Присутствует ли она дома?
Естественно. Вскоре вы увидите её. А можно ли полюбопытствовать, какую нужду до неё вы имеете?
Я имею ордер на ваш арест и на обыск.
Я могу на него взглянуть?
Пожалуйста.
И незнакомец, достав из внутреннего кармана бумагу, небрежно протянул мне документ. Действительно, на гербовой бумаге значились обе наши фамилии, имена и отчества, причем я только сейчас узнал, что Лариса по отцу Алексеевна. Когда я перевел взгляд на незнакомца, он был исполнен презрения, негодования и равнодушия к новому удару судьбы.
Внутренне я был готов вскричать, возопить, выказать несогласие с ордером, но одумался, ибо доставлять ещё и это удовольствие тупым исполнителям безжалостного и несправедливого решения было бы явно чересчур.
И кто это невидимый и отвратительно прилипчивый враг, почему он стремится добить меня? Уже пропал мой сын, вдалеке скрывается дочь, от которой я тоже не получаю весточки, возможно, что и супруга моя стала жертвой супостата. Мало того, что у меня осталась только тень свободы, он хочет лишить меня последнего, что ещё имею - доброго имени, а, следовательно, и жизни.
Но что сделала ему невинная девочка, которую он хочет погубить вместе со мной?
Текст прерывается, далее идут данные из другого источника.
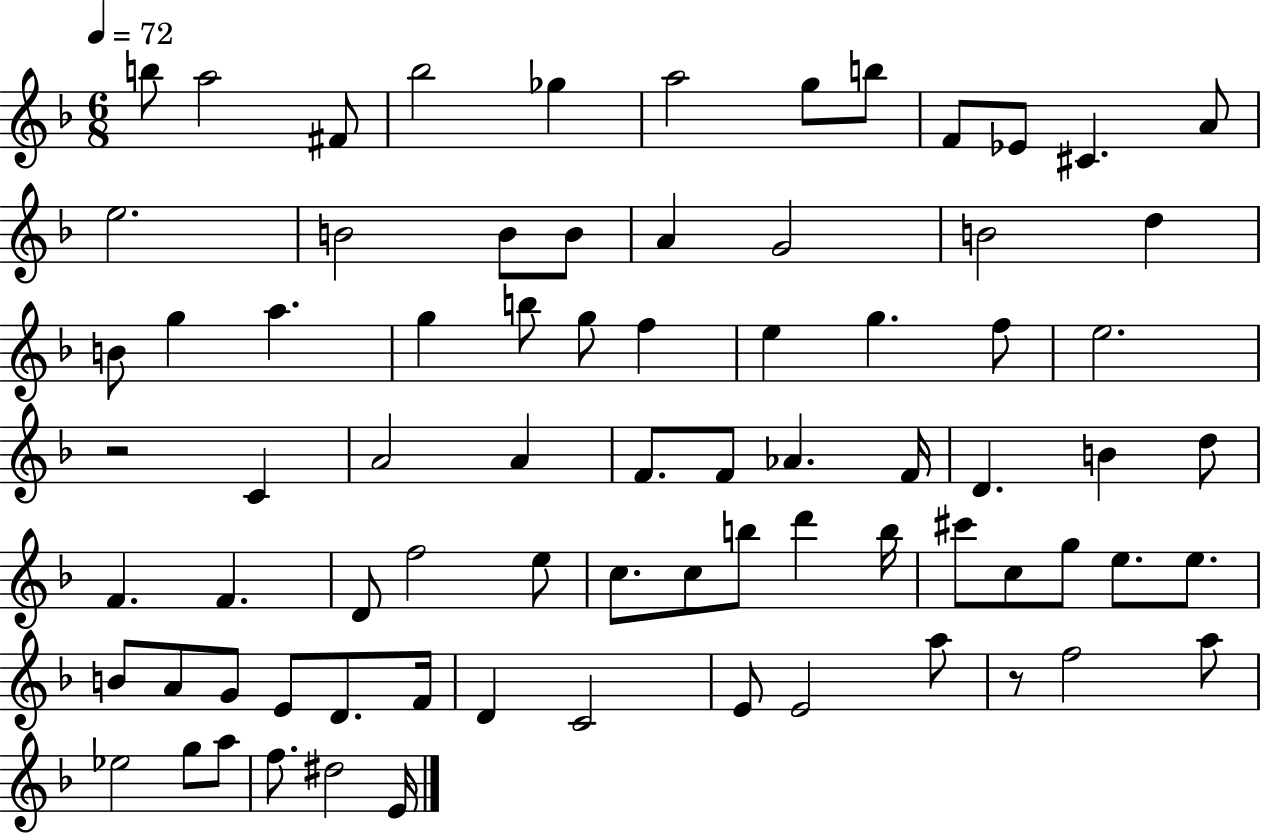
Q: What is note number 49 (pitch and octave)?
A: B5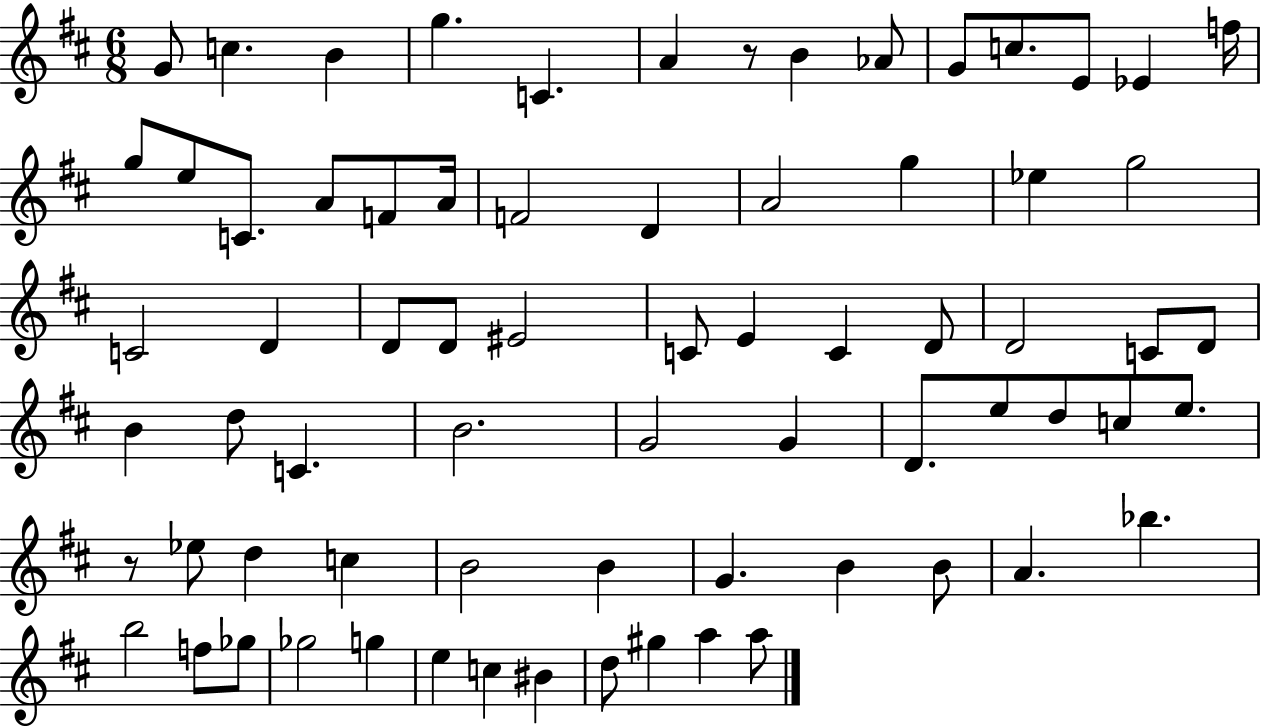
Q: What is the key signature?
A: D major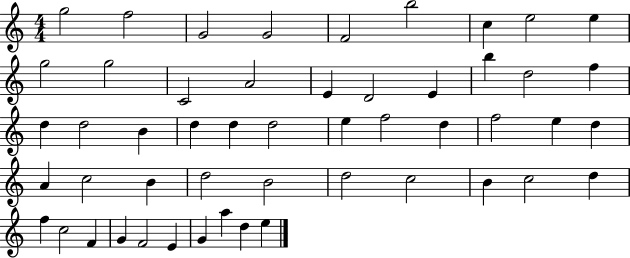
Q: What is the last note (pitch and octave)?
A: E5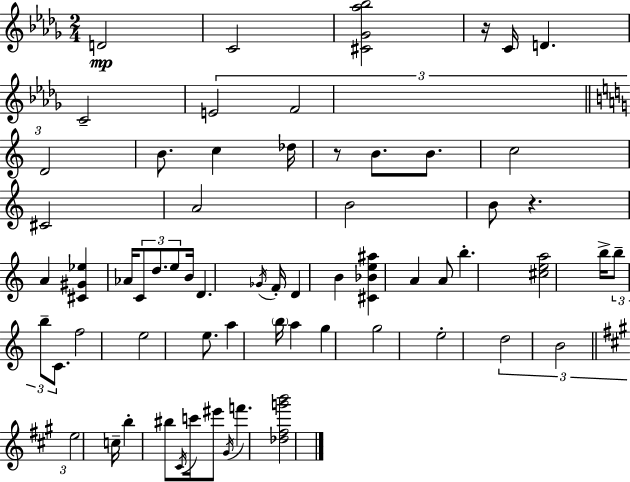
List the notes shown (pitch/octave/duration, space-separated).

Я уже решил было открыть незнакомцам истину, что Лара не является моей дочерью, что она просто случайная жертва гонения, адресованного мне одному, но снова удержался, властно сдержал свои чувства. Я сказал самому себе: "Что ж, такова, видно, воля Господня. Бедная девочка была обречена со дня рождения. Спасая дитя от преждевременной кончины, я только ускорил приближение гибели Лары непосредственно от рук гонителей. Но я не выдам своей тревоги за нее, пусть тайна наших отношений умрет вместе с нами".
13.
Наверное, приставы даже не подозревали о моих размышлениях. Они, видимо, решили, что предъявление ордера парализовало меня, отняло волю к сопротивлению, и ничуть не удивились, когда я попросил дать дочери время на сборы и увезти нас уже с наступлением ночи. Предъявитель ордера, очевидно старший по положению, ответил молчаливым кивком, что означало согласие.
Тогда я пошел к Ларисе. Узнав от меня о новой беде, она не проронила ни слезинки и немедленно стала собирать вещи в дорогу. Лицо её по-прежнему светилось неземной радостью и спокойствием.
Я даже попытался дать ей выговор за её хладнокровие, но она ответила, мол, нечего горевать; разве не будет она с любимым батюшкой, которого она не хочет расстраивать. Если я подаю ей пример стойкости и отваги, то и она должна явить достоинство быть моей дочерью не на словах, а на деле. Она сказала, что готова жить где угодно, лишь бы не разлучаться со мной.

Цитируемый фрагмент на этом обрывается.